§ TASK DESCRIPTION: Although the records contain pictures, only their text should be repeated, exactly as it stands.

Top of INFORMATION

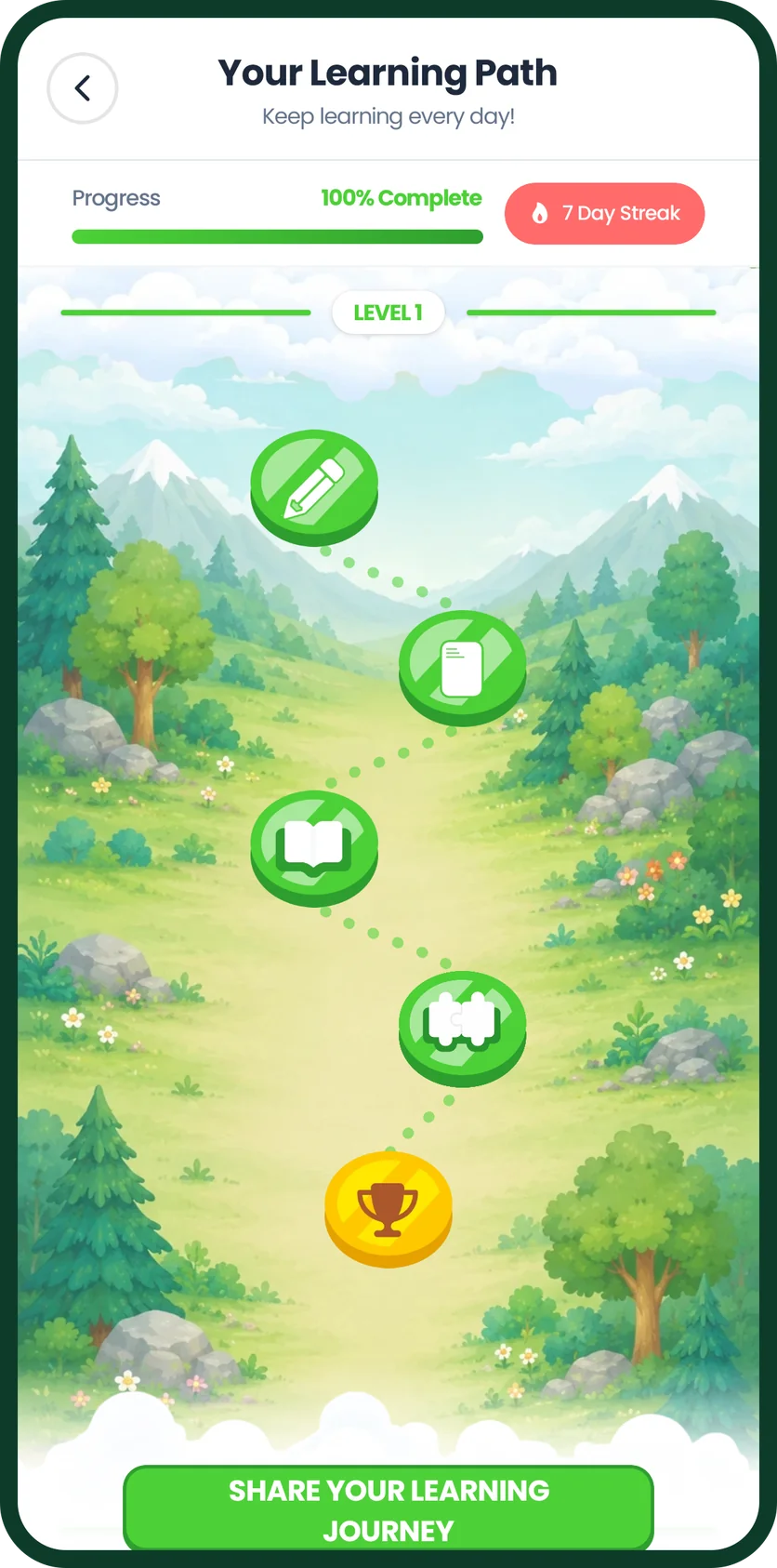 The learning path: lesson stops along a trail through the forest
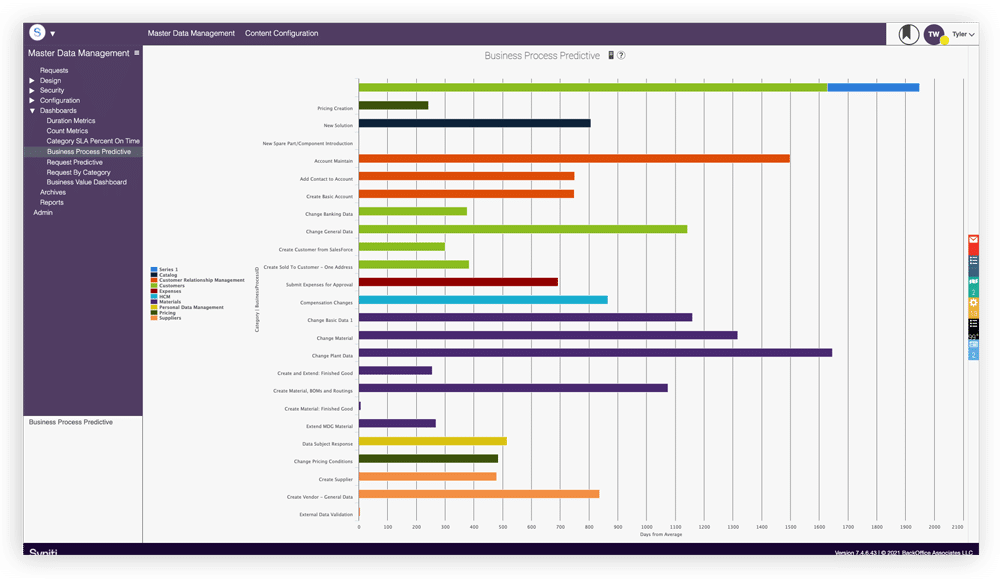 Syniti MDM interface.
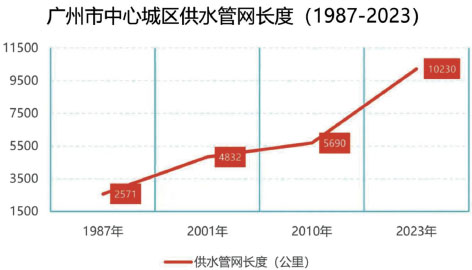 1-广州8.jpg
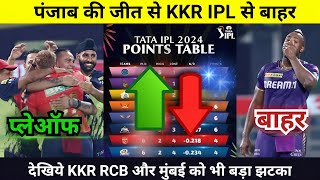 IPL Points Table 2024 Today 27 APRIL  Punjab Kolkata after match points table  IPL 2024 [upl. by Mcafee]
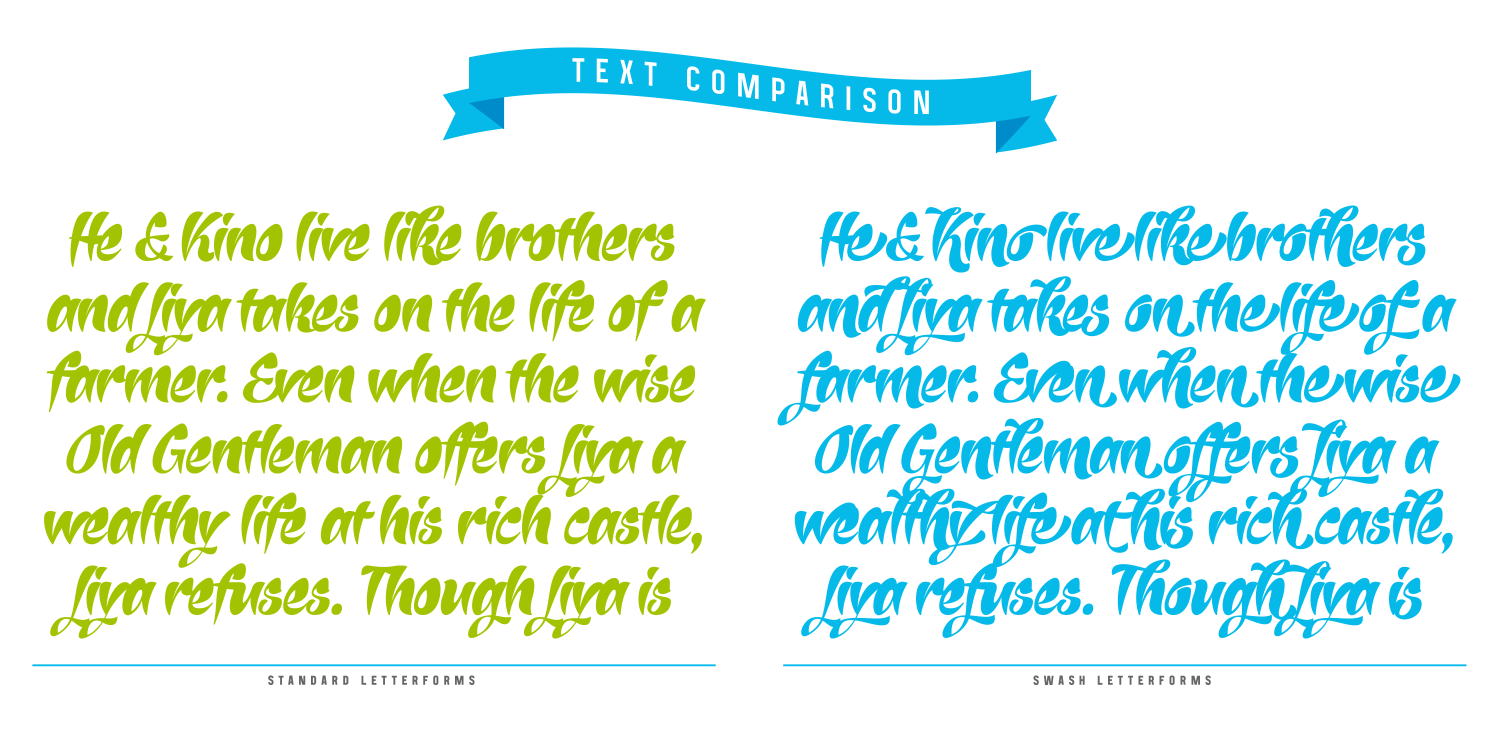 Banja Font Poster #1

Bottom of INFORMATION

§ OUTPUT BELOW:
 The learning path: lesson stops along a trail through the forest
 Syniti MDM interface.
 1-广州8.jpg
 IPL Points Table 2024 Today 27 APRIL  Punjab Kolkata after match points table  IPL 2024 [upl. by Mcafee]
 Banja Font Poster #1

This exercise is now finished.